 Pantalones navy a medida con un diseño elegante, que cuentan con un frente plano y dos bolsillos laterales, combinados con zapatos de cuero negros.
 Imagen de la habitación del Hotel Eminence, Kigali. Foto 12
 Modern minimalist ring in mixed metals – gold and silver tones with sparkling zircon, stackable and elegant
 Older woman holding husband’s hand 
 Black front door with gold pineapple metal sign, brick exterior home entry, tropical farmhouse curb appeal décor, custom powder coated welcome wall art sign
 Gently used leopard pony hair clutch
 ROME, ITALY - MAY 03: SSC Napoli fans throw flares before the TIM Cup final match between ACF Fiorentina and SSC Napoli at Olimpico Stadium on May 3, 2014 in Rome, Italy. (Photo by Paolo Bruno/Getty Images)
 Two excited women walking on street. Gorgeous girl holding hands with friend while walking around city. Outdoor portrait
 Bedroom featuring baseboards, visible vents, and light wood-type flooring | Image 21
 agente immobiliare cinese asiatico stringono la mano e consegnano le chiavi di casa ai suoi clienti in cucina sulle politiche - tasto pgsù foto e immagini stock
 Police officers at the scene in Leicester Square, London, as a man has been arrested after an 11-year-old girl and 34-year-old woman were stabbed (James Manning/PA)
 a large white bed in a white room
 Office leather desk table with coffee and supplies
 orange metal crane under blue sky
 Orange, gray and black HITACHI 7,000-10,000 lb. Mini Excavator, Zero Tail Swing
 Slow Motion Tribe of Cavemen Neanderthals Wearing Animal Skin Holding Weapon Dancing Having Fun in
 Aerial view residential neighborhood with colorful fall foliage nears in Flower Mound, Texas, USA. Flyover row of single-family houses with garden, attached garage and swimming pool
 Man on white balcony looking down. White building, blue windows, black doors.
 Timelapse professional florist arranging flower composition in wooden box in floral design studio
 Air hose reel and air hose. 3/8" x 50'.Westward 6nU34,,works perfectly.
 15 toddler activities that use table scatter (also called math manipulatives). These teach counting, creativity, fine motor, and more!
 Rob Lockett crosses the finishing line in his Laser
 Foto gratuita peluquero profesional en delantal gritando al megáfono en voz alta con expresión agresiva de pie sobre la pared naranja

• WORK INSTRUCTIONS:
Only the lines above from the line containing "Man on white" through the line containing "Air hose reel" should be retyped, exactly and with both ends included.

• TASK SOLUTION:
 Man on white balcony looking down. White building, blue windows, black doors.
 Timelapse professional florist arranging flower composition in wooden box in floral design studio
 Air hose reel and air hose. 3/8" x 50'.Westward 6nU34,,works perfectly.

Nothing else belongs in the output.